August 22, 2011 at 10:18 pm
Hello, I have a view that basically joins two tables of > 1million rows.
Example Only:
create VIEW TESTVIEW as select a.*, b.* from table1 a join table2 on a.ID = b.ID
clustered index on the ID field
When I do Select * from TESTVIEW where ID = 123 it takes ~44 seconds.
When I just run the ad-hoc T-SQL code in the VIEW it take < 1 second.
Looking at the execution plans I see the VIEW has two high % steps at the beginning using a clustered index scan on both tables and returning a large number of rows before filtering in one of the final steps.

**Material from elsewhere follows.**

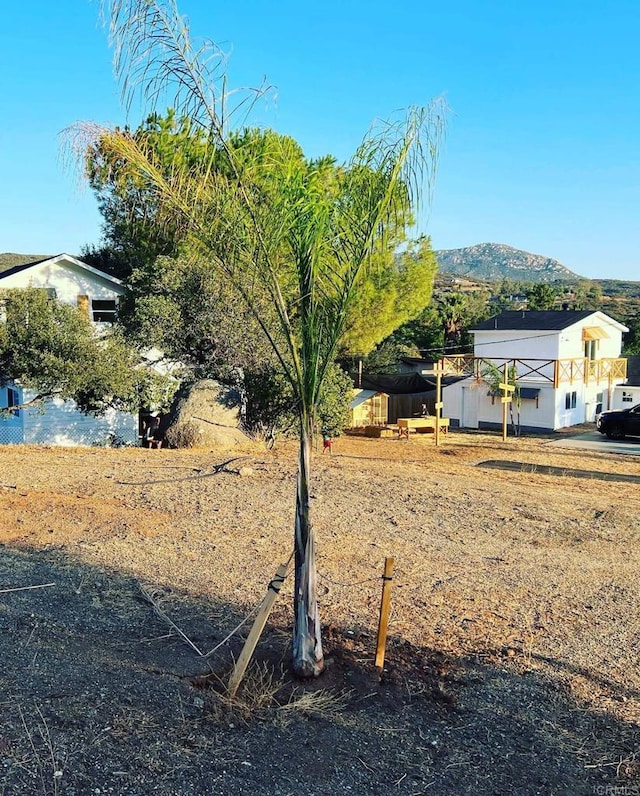 1298 Willowside, Alpine, CA 91901 - view of yard featuring a mountain view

The ad-hoc query used a clustered index seek at the beginning and only returns one row at this point.
So to me anyway it looks like the VIEW returns ALL rows (hence the index scan) first and then does the WHERE clause and returns one row where as the ad-hoc T_SQL does the filter early on??

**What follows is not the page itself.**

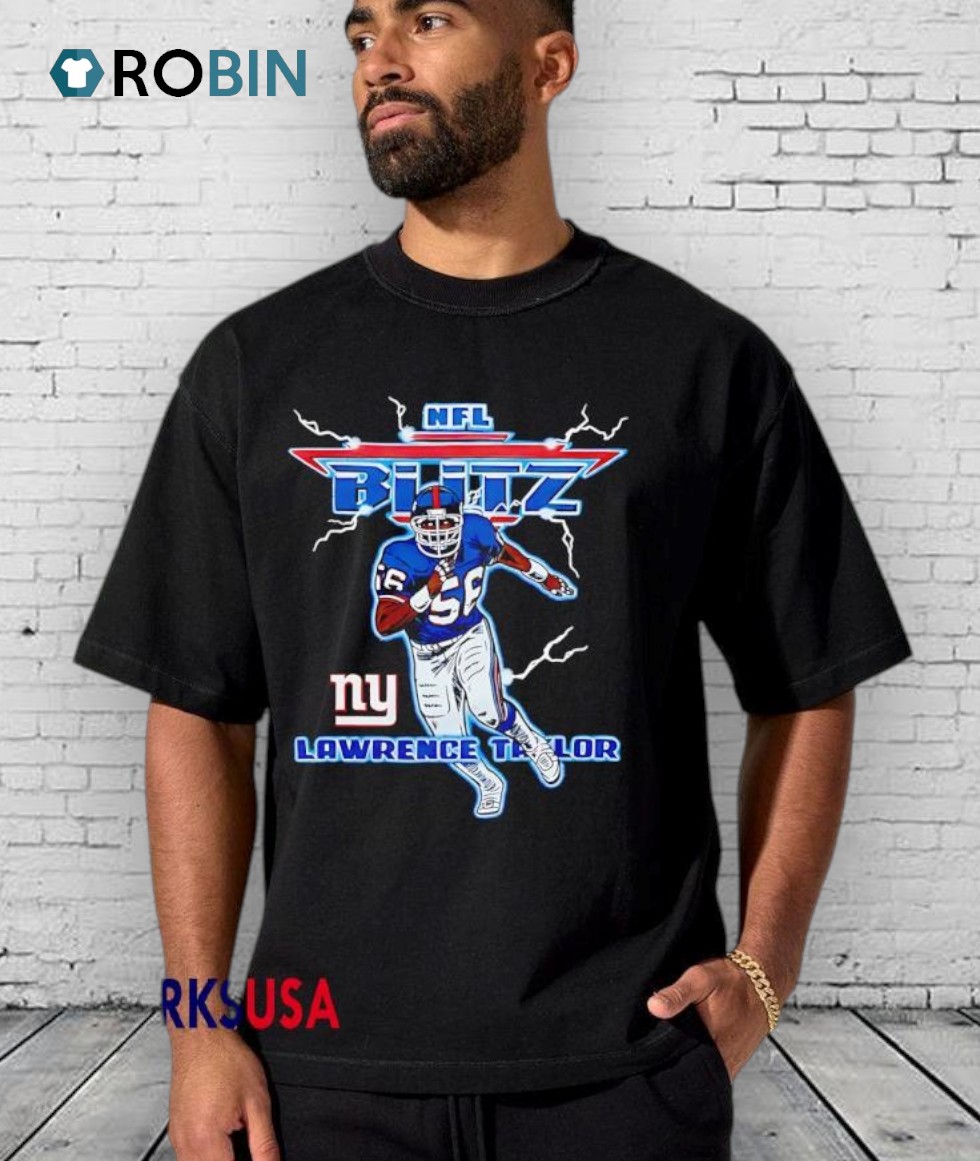 Nfl Blitz Giants Lawrence Taylor New York Giants Nfl Shirt Nfl Blitz Giants Lawrence Taylor New York Giants Nfl Shirt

Is this normal and can this be prevented so the view runs with the same or similar execution plan as the ad-hoc code as I thought a view might have the intelligence to work out the WHERE clause is selective so process that first...but obviously not.
I know a view is not necessarily going to be faster but I am surprised by the difference.

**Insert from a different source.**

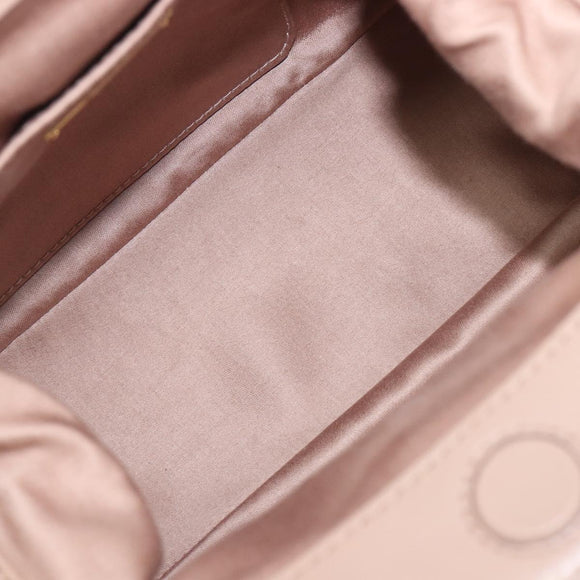 Miu Miu Matelasse Chain Shoulder Bag Leather Pink Gold Auth 206324M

I would be interested to know the logic behind this if anybody know....thanks
August 23, 2011 at 1:49 am
It highly depends on the view definition vs T-SQL code you're running.
Can you post the actual code and actual execution plans?
However, a couple of pointers should apply anyway:
* Are you selecting the same number of columns?
* Are filters identical?
Hope this helps
Gianluca
-- Gianluca Sartori
August 23, 2011 at 2:06 am
I was copying the exact code from inside the view and just added the "WHERE ID = 123" bit at the end, compared to running the view "select * from TESTVIEW where ID = 123
The view code has a left join between two tables as below.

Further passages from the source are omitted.